Citoyen tunisien, officier supérieur de l’armée à la retraite.

La plus grave,  la plus couteuse et la plus douloureuses des leçons reçues par l’humanité entière a été la deuxième guerre mondiale avec tous les désastres qu’elle a causés.  Un conflit armée, le plus vaste que l’humanité ait eu à vivre, plus de 100 millions de combattants de 61 nations différentes, environ 62 millions de personnes tuées dont une majorité de civils, des traumatismes collectifs et individuels considérables, des dégâts matériels qu’on a pas su estimés à ce jour, des villes entières détruites et des pays complètement violentés. Et comme cause principale à cette catastrophe humaine, la victoire reportée par les alliés lors de la première guerre mondiale, la guerre 14-18, et essentiellement le traité imposé aux vaincus.

Par ce traité, dit de Versailles signé le 28 juin 1919, les pays alliés conduits par les américains, les anglais et les français ont bien veillé à se venger et faire ramper l’Allemagne en lui imposant un lourd tribut à la fois financier et moral qu’elle devrait payé tout en la débarrassant de son armée et de ses colonies.
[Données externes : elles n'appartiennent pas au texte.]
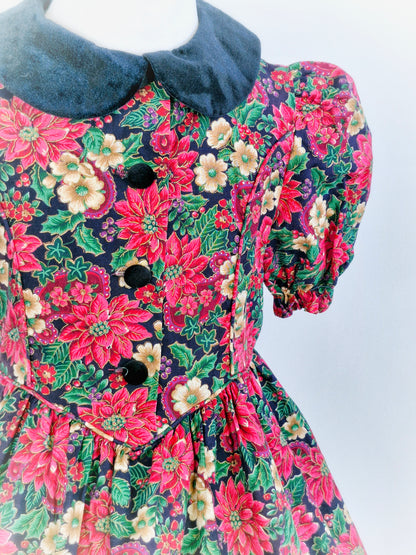 5-6 years. Vintage festive floral dress with black velvet collar and buttons from Rare Editions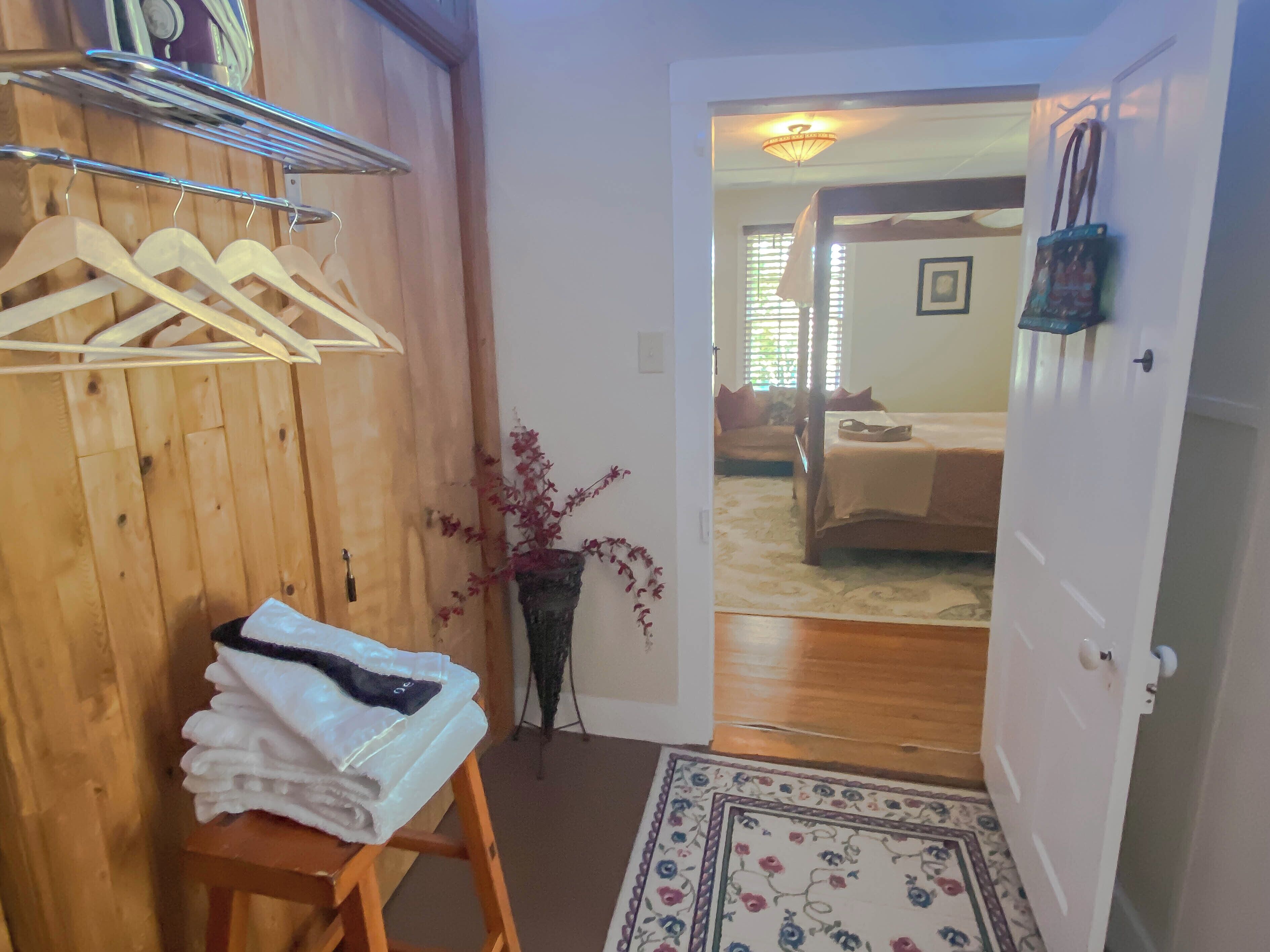 A room with wooden walls, a bed with a headboard, a small table with folded towels, and a door leading to another room.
Un traité, sous forme de diktat, a amplifié le sentiment de rancœur chez la classe politique allemande et au sein de l’armée qui rejoindra les nazis après l’ascension d’Hitler au pouvoir. Dans une conjoncture économique très difficile et un fort ressentiment d’humiliation vécu en tant que tel par tous les allemands, Adolf Hitler a trouvé un terrain propice pour convaincre toute l’Allemagne de se rallier à sa cause, en promulguant ses lois racistes et en engageant la mise en œuvre de sa politique expansionniste en commençant par l’envahissement de la Pologne.
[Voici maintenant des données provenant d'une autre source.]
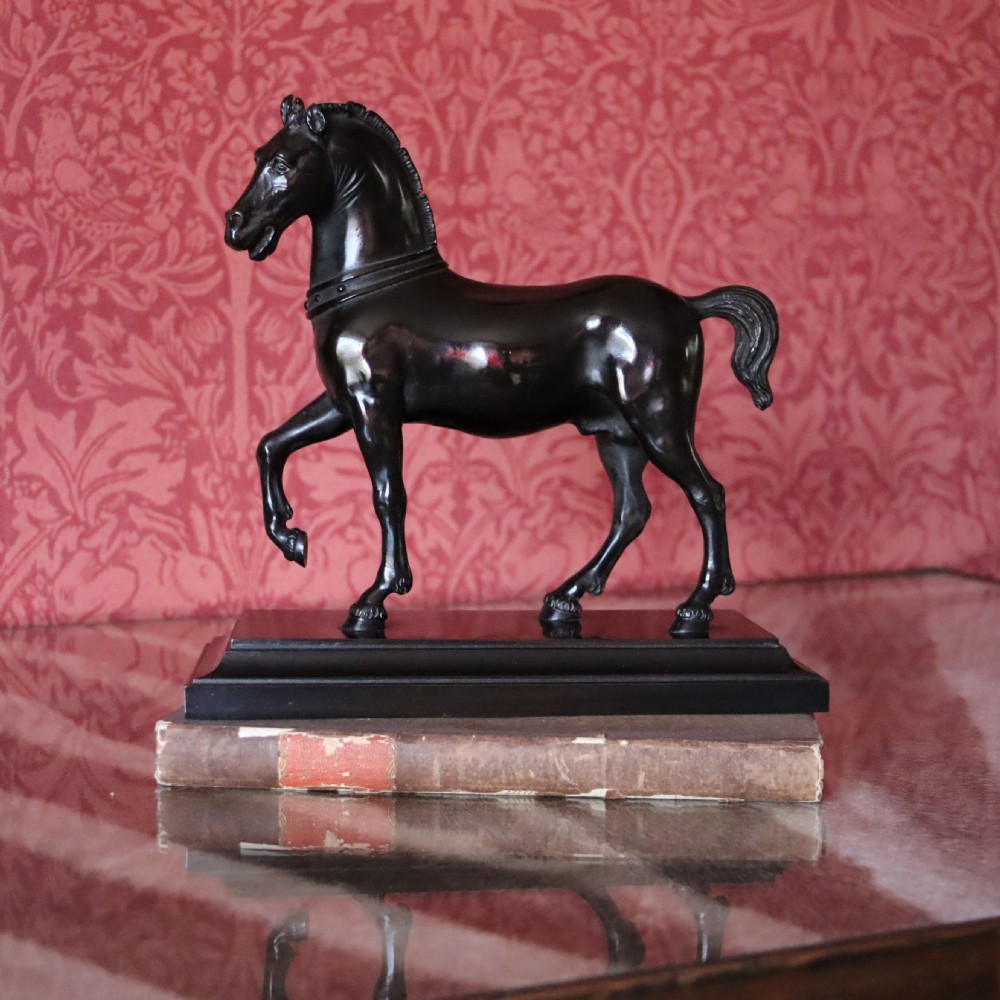 An early 20th century bronze stallion sculpture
La leçon étant bien assimilée, et bien que les alliés ont gagné une fois de plus la deuxième guerre mondiale, les pays victorieux, à leur tête les américains, les anglais et les russes ont changé complètement d’approche et de stratégie envers le camp des vaincus notamment l’Allemagne, l’Italie et le Japon. Des pays qui ont banni la guerre et qui sont aujourd’hui plus ou moins associés dans l’effort international pour le maintien de la paix et pour la création de la richesse et du confort pour l’Homme en tant que tel. Si je vous relate cette rhétorique en rapport avec notre passé, nous les être humains, c’est pour mettre l’accent sur l’importance de l’état d’esprit avec la quelle le vainqueur doit se comporter avec le vaincu, soit en aiguisant chez lui un sentiment de haine et de vengeance pour finir par redevenir un farouche ennemi, soit en le ramenant à s’allier progressivement à sa cause dans l’espoir de faire de lui un vrai ami.

 Juste après la déchéance des pouvoirs de Ben Ali en Tunisie et de Hosni Moubarak en Egypte successivement en janvier et février 2011, Nelson Mandela nous écrivait en Aout de la même année à nous les tunisiens et à nos frères les égyptiens, sa fameuse lettre dont je retiens les principaux extraits suivants : “Je suis sorti à la vie après 27 années d’emprisonnement, parce que j’ai rêvé tout ce temps de voir mon pays se débarrasser de l’injustice, de l’oppression et du totalitarisme. Bien que j’ai vécu un instant d’une immense émotion devant la porte de la  Prison de Victor Verster, je vais revoir le visage de mes enfants et de leur mère, une question hantait mon esprit et portant sur la façon de me comporter avec l’héritage de l’oppression pour bâtir la justice à sa place”… “Bâtir la justice est plus difficile que de détruire l’injustice”. Il nous disait également dans sa lettre que “ceux qui faisaient partie du précédent régime, sont in fine des citoyens du pays, les contenir, chercher à pardonner est le grand cadeau que vous pouvez offrir au pays à ce stade de sa révolution. Les rassembler pour les jeter à la mer ou les écarter définitivement des affaires du pays est inenvisageable. Ils ont le droit de s’exprimer, un droit qu’il faudrait respecter comme condition élémentaire à la réussite de la révolution”.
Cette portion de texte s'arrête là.